══ Given information
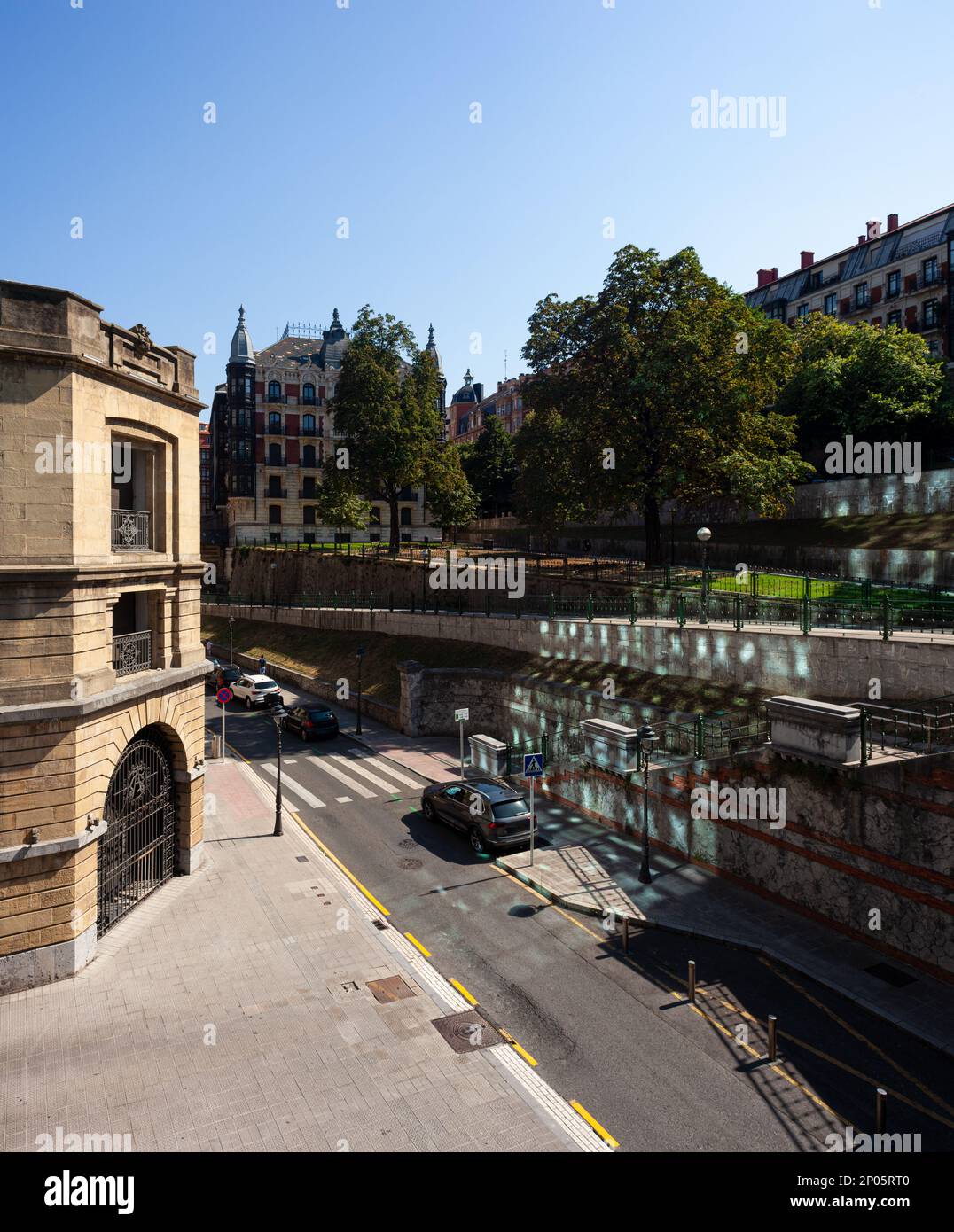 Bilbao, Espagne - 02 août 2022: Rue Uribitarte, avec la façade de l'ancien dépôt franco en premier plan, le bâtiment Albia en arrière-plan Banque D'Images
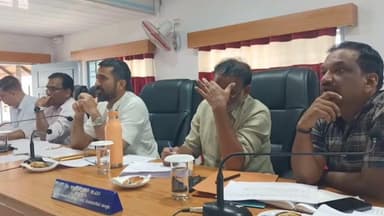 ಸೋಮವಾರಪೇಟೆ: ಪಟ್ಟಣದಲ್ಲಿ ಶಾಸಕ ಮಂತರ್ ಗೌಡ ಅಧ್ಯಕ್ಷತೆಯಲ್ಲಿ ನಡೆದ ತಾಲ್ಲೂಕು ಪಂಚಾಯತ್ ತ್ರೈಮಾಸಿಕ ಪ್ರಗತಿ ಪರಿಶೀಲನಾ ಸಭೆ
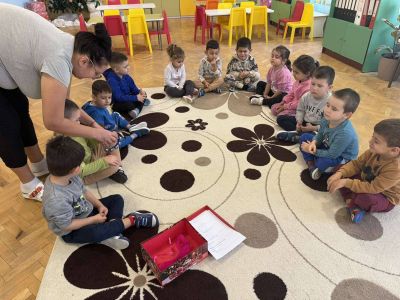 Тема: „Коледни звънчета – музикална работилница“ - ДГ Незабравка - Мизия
════
■ What to work on
Leaving the pictures out, set down all of the data again exactly.

■ Solution to this exercise
 Bilbao, Espagne - 02 août 2022: Rue Uribitarte, avec la façade de l'ancien dépôt franco en premier plan, le bâtiment Albia en arrière-plan Banque D'Images
 ಸೋಮವಾರಪೇಟೆ: ಪಟ್ಟಣದಲ್ಲಿ ಶಾಸಕ ಮಂತರ್ ಗೌಡ ಅಧ್ಯಕ್ಷತೆಯಲ್ಲಿ ನಡೆದ ತಾಲ್ಲೂಕು ಪಂಚಾಯತ್ ತ್ರೈಮಾಸಿಕ ಪ್ರಗತಿ ಪರಿಶೀಲನಾ ಸಭೆ
 Тема: „Коледни звънчета – музикална работилница“ - ДГ Незабравка - Мизия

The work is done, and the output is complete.